It was about the lives of a number of different families and how their actions impact on each other down through the generations.
He packed the family lives into a couple of chapters, one moment they were young and then they were old or dead.
I don’t want my life to be packed into a couple of chapters and then just fade away. Not yet anyway.
I have just sold my house and I’m waiting for the final contracts to be signed.
Do I feel sad? No not at all. I’m reflecting on my time there but I intend to hand over the keys, get on my bike and never look back. I’ll have a farewell party and I’ll take pictures but I’m moving on.
What has kept me in Catford so long? My son? My friends? My house? My family? First of course it was my son, how could I move? Secondly I guess my family, that would be my daughter who is married and has children and to be honest with you she no longer needs me. Oh people say but what about your Grandchildren? Well what about them?
My eldest grandchild who was born a day after Richies funeral never, ever comes to visit. Why would he? He’s 16. My middle grandchild is a funny sensitive child and the youngest, my little darling Grand-daughter is a lively little bundle of joy. But they have their own personalities, they are not interested in their mad old nan. They love me but they have their own rich full lives to lead, so I my work here is done.

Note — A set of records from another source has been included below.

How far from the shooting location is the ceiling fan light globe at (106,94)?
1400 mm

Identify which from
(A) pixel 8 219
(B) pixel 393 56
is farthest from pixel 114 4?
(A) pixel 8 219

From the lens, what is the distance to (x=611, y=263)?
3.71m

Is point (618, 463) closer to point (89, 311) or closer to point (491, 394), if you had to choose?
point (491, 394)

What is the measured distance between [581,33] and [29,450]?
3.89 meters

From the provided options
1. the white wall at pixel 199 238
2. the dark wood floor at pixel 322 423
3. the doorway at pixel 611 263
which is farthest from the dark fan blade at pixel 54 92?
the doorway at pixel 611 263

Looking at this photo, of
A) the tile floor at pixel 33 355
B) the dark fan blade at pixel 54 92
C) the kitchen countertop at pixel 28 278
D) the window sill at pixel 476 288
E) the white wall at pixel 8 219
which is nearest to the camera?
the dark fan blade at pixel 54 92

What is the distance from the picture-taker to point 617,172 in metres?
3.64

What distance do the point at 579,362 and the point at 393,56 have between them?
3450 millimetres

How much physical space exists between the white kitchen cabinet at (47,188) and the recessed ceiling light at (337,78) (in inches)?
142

I live alone, isolation and loneliness has been terrible for me. I isolated myself away when Richie first died I didn’t want anyone around but I did that so proficiently I hardly have any of my old friends come around.
Talking of friends, will I stay around for them? They are no longer young friends, we have all changed and moved on, I hardly drink anymore and I hate pubs so I don’t meet with them. I have made new friends and in making new friends it has shown me myself in a different light.

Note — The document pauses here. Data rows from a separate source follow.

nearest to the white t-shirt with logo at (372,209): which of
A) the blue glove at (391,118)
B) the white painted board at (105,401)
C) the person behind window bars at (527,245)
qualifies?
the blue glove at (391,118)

The barriers that I surrounded myself with have all come tumbling down. The barriers put up to protect myself from abusive parents, the barriers to keep the domestic violence out, and the barriers to hide the true person that I am from myself.
I ask myself who is the real person? She is adventurous, she likes a laugh, she is artistic, She hates violence and mean hearts. She hugs trees and talks to flowers. She cycles without a helmet because she wants to be free. She is a sound recordist and writer. She is free.
The childhood area and the young adult person I used to be has gone, it has gone into the memories of the past, it’s no good looking for the person I used to be or the friends I used to have they have all gone.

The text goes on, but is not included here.